SentenceSplitter splitter = SimpleSentenceSplitter.getInstance();
Tokenizer tokenizer       = new SimpleTokenizer();

// Use as Function in a stream
String[] sentences = splitter.apply(text);
String[][] tokens  = Arrays.stream(sentences)
        .map(tokenizer)
        .toArray(String[][]::new);

Word Tokenizers

`SimpleTokenizer`

SimpleTokenizer is the recommended general-purpose English word tokenizer. It handles contractions, possessives, punctuation, and abbreviation-final periods sensibly.

Key behaviours:

Splits most punctuation from adjoining words.
Expands contractions to their full forms:

Input Output tokens
won't will not
can't can not
shan't shall not
cannot can not
weren't were not
'tisn't it is not
I'm I 'm
he'll he 'll
gonna gon na
Keeps abbreviation-terminal periods attached (e.g., etc. stays etc. at the end of a sentence, but emits an additional . sentence-terminal token).
Commas inside numbers (2,500) are not split.
Thread safety: instances are independent and thread-safe (no shared mutable state; each call is stateless beyond the compiled Pattern constants).

Input	Output tokens
`won't`	`will not`
`can't`	`can not`
`shan't`	`shall not`
`cannot`	`can not`
`weren't`	`were not`
`'tisn't`	`it is not`
`I'm`	`I 'm`
`he'll`	`he 'll`
`gonna`	`gon na`

Basic usage

java

import smile.nlp.tokenizer.SimpleTokenizer;

SimpleTokenizer tokenizer = new SimpleTokenizer();

String[] tokens = tokenizer.split(
    "Dr. Smith won't attend the conference, but she'll send her notes.");

System.out.println(java.util.Arrays.toString(tokens));
// [Dr., Smith, will, not, attend, the, conference, ,, but, she, 'll, send, her, notes, .]

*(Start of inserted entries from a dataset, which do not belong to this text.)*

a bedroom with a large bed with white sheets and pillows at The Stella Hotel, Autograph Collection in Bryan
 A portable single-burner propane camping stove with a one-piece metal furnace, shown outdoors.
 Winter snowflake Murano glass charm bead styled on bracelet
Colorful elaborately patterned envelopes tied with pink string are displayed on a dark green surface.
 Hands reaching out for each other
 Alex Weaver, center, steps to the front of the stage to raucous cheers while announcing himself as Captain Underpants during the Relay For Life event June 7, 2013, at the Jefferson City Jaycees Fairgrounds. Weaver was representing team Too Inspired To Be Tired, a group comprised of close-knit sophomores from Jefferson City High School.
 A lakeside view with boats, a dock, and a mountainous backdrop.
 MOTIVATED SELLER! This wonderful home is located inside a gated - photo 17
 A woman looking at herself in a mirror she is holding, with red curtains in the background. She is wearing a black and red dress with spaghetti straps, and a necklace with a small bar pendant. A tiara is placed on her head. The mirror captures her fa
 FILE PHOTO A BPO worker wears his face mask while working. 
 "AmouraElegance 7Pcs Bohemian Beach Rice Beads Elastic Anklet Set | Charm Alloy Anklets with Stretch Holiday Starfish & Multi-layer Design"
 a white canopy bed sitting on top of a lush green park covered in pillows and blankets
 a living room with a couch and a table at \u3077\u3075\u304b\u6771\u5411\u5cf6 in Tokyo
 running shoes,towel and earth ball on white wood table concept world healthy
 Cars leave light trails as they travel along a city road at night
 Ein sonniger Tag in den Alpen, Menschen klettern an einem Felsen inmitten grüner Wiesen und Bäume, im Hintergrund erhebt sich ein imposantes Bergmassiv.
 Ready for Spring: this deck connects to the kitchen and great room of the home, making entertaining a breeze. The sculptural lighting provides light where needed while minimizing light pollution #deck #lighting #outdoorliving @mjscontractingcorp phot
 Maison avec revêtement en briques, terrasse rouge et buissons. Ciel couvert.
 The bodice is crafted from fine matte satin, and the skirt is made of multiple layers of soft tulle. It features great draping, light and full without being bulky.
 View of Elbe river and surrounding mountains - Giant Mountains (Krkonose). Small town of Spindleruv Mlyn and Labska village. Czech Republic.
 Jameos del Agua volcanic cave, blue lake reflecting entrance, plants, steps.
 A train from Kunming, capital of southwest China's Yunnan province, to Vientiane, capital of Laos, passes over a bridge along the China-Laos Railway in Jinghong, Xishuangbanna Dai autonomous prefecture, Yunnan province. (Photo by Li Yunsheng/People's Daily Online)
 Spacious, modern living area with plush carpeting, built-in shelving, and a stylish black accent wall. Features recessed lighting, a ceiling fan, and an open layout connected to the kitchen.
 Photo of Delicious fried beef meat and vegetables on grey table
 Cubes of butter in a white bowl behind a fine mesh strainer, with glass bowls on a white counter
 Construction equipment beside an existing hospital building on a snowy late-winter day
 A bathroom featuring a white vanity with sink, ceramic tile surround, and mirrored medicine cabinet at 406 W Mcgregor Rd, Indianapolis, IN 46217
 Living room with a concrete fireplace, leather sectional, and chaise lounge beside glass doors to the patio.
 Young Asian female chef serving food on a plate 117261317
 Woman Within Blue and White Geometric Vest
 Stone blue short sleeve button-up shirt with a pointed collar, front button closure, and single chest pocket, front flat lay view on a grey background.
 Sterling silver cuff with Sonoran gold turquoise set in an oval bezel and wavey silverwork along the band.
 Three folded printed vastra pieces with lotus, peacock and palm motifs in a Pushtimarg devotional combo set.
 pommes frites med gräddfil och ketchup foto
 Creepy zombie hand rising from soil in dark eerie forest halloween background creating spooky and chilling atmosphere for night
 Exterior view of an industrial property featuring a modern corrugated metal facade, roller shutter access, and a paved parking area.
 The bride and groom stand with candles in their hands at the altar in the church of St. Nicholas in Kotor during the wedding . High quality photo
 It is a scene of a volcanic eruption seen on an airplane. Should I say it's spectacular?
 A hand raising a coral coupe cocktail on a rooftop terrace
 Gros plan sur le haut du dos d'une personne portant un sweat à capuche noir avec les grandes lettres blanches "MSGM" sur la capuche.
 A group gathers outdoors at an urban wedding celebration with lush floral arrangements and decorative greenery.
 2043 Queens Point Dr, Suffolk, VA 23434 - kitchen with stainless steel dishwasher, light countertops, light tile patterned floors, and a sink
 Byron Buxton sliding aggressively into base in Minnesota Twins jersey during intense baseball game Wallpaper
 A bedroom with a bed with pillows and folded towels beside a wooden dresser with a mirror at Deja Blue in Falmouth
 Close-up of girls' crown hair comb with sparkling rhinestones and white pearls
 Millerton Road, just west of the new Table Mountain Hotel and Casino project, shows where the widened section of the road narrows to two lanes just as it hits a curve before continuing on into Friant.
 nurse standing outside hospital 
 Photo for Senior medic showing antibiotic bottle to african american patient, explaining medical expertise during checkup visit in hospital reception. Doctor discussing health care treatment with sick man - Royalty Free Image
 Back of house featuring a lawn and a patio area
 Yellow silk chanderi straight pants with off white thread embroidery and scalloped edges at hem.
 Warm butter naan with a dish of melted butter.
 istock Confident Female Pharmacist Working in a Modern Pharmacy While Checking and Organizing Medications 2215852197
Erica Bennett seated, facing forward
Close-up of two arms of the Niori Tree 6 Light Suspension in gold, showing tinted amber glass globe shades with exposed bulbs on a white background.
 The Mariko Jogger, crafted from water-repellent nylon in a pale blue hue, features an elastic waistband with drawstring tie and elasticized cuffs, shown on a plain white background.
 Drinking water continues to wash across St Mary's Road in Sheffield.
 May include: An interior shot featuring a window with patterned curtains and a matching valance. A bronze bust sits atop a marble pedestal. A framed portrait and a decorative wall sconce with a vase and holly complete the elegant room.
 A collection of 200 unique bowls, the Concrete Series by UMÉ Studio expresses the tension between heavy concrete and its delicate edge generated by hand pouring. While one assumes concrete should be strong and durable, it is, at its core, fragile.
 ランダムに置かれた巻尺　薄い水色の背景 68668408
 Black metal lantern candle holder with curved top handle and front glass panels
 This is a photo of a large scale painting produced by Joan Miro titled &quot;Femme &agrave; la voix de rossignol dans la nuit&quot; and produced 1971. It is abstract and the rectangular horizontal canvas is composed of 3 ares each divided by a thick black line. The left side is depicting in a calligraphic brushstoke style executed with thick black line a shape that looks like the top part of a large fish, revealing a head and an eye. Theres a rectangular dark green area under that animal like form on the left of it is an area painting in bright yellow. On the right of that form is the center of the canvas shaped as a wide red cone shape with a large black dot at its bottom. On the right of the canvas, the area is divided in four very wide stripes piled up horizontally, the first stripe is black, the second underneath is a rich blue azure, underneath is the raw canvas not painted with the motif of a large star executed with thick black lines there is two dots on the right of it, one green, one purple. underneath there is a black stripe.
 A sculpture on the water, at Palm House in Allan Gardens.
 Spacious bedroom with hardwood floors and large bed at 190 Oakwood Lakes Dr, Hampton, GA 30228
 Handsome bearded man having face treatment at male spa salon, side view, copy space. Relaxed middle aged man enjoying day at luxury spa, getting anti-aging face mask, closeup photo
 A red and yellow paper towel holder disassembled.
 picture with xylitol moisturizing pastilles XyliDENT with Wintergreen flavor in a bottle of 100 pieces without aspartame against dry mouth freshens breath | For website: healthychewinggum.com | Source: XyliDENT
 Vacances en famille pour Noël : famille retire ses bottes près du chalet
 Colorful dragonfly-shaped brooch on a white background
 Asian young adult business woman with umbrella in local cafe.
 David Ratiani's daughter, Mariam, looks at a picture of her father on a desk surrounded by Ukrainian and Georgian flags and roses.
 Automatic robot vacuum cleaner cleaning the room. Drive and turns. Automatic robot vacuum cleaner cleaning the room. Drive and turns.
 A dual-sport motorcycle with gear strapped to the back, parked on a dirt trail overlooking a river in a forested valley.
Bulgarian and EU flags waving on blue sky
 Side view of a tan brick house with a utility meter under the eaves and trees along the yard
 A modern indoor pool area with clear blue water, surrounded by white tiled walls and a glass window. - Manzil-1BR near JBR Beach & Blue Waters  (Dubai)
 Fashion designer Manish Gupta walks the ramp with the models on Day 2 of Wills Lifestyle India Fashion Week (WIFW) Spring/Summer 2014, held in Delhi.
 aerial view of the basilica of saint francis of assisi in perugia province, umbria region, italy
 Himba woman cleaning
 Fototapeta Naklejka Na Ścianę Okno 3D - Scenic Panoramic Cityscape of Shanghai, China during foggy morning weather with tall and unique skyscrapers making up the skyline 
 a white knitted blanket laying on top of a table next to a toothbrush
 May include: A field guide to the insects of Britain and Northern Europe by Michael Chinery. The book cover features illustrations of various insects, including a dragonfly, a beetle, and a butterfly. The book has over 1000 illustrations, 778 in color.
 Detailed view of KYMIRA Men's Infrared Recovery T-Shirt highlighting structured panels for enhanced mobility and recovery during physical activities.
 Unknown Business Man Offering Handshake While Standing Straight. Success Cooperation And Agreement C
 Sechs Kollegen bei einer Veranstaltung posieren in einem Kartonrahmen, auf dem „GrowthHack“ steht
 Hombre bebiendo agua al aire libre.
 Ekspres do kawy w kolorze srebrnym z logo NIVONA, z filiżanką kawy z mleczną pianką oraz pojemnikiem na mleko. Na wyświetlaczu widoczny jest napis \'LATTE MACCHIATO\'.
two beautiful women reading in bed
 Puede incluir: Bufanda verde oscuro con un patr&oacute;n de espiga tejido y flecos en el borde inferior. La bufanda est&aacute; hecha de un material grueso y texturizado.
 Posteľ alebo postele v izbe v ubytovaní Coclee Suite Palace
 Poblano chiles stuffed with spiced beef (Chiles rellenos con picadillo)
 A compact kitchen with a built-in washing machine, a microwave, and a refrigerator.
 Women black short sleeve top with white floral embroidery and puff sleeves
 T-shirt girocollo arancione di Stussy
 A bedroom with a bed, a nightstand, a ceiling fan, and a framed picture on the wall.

Numeric and punctuation edge cases

java

SimpleTokenizer tokenizer = new SimpleTokenizer();

// Commas inside numbers are not split
System.out.println(Arrays.toString(tokenizer.split("Population is 2,500,000.")));
// [Population, is, 2,500,000, .]

// Ellipsis is separated
System.out.println(Arrays.toString(tokenizer.split("Wait... then go.")));
// [Wait, ..., then, go, .]

`PennTreebankTokenizer`

PennTreebankTokenizer follows the tokenization conventions of the Penn Treebank corpus. It is a singleton (use PennTreebankTokenizer.getInstance()) and is the standard choice when your downstream models (e.g., HMMPOSTagger) were trained on Penn Treebank data.

Key differences from SimpleTokenizer:

Input	`SimpleTokenizer`	`PennTreebankTokenizer`
`won't`	`will not`	`wo n't`
`can't`	`can not`	`ca n't`
`'tisn't`	`it is not`	`'t is n't`

The Penn Treebank convention keeps the contracted negative n't as a separate morpheme; SimpleTokenizer expands to natural English forms instead.

Basic usage

java

import smile.nlp.tokenizer.PennTreebankTokenizer;

PennTreebankTokenizer tokenizer = PennTreebankTokenizer.getInstance();

String[] tokens = tokenizer.split("They couldn't have known.");
System.out.println(java.util.Arrays.toString(tokens));
// [They, could, n't, have, known, .]

When to use

Use PennTreebankTokenizer when feeding tokens to models trained on Penn Treebank data (including HMMPOSTagger).
Use SimpleTokenizer for all other English NLP tasks where natural-English token forms are preferred.

`BreakIteratorTokenizer`

BreakIteratorTokenizer wraps Java's java.text.BreakIterator for word segmentation. It supports any locale supported by the JVM, making it the right choice for non-English text.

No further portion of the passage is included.